Rather than processing large amounts of product using laborious treatments to obtain a concentrated crude sample of the unknown to be subjected to standard preparative chromatographic separation, Kilomentor has found that a further investigation of the synthetic reaction using statistical design methods to test the influence of some of the previously unchecked reaction variables can often quickly provide a solution to this problem. 

This solving arises from either of two outcomes. Firstly, investigating the new parameters while holding the previously optimized parameters at their optimized levels, can produce a condition where the proportion of the impurity in the product is significantly changed. If this leads to new conditions that are still acceptable with respect to yield and that reduces the level of this impurity below the level of concern, then the impurity can be left unknown. This is the more easily understood useful outcome. 

It is the second possibility, however, that combined with the probability of the first, makes the investigation quite likely to ressolve the difficulty. In this alternative but less frequently imagined outcome, the investigation of the effect of new parameters leads to conditions that very substantially increase the amount of the unknown impurity. This perhaps surprisingly is also a useful result! Now using these conditions, useful amounts of the unknown can be much more readily prepared.  These larger amounts are more easily separated, purified, and the substance identified using standard methods. With the structure now available and with parameter(s) that affect the concentration of the substance known, controlling the purity level is well on the way to being solved.

Distinctively Dissimilar Impurities

As has been mentioned above, the impurity of concern in this scenario is usually much more sensitive than the desired product to the mode of detection. It logically follows that most often such impurity has a structure quite different from the product itself.  Thus the impurity is unlikely to be a diastereoisomer or a geometric isomer of the product.  The more common sources of such quite different impurities are a distinctly different substance that is an impurity in one of the immediate precursor starting materials of the product. A common cause of these impurities is local concentration effects related to stirring inefficiencies or variations in the ratios of reactants and products during their combination in the synthesis.

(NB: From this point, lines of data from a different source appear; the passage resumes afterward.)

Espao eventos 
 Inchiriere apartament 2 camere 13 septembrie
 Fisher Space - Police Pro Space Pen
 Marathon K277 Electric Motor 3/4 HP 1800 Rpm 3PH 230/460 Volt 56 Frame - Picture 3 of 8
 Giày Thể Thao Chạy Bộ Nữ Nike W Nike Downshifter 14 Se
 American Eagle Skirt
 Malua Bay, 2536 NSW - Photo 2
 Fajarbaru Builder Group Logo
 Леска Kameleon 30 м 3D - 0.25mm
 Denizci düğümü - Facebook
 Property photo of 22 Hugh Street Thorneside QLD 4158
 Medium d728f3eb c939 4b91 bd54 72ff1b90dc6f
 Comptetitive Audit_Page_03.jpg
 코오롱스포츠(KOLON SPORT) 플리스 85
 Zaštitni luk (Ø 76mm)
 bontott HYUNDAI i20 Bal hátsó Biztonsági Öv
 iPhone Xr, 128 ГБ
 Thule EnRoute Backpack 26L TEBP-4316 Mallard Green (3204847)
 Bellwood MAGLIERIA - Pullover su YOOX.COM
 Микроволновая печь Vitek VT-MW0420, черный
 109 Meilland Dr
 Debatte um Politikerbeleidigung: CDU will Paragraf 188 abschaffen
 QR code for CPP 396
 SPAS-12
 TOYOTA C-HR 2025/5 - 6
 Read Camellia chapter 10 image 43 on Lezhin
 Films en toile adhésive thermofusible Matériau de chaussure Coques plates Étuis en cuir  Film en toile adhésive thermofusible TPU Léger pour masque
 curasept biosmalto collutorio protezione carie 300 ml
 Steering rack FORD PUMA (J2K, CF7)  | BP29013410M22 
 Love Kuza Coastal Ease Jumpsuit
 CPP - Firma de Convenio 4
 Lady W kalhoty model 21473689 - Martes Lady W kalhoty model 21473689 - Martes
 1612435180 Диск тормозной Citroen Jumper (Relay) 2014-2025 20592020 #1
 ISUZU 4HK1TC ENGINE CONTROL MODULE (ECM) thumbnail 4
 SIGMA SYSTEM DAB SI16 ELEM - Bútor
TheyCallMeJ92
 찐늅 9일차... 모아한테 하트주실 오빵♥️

Distinctively Similar Impurities

Impurities that are very similar in structure to the desired compound display different characteristics. Most often these arise from impurities already present in the starting materials; particularly homologs and isomers of the purchased starting substances. These usually have almost the same sensitivity to a detector as the desired product so the estimate of their amount is usually good but they are the most difficult to purge by changing reaction conditions and the most likely to become trapped and to co-crystallize with the product. These impurities are most easily eliminated by purifying the starting materials. The starting materials are typically much smaller molecules and distillation is often applicable. Also, a different commercial supplier may sell the material minus the impurity of concern, since the impurity is often related to their route of synthesis.

Purging of Impurities

Process chemists need to constantly keep in mind that it is a great waste to spend resources performing a purification if the later steps in the overall process sequence themselves provide means to keep the impurity (or the impurities derived by its transformation) out of the final product. This automatic purification provided by the processing itself is commonly called 'purging'. It is difficult, however, to distinguish between an impurity that is removed by subsequent processing and the impurity that is further transformed in parallel and is carried along becoming harder and harder to detect analytically as it is further transformed. and becomes part of a larger and larger molecule.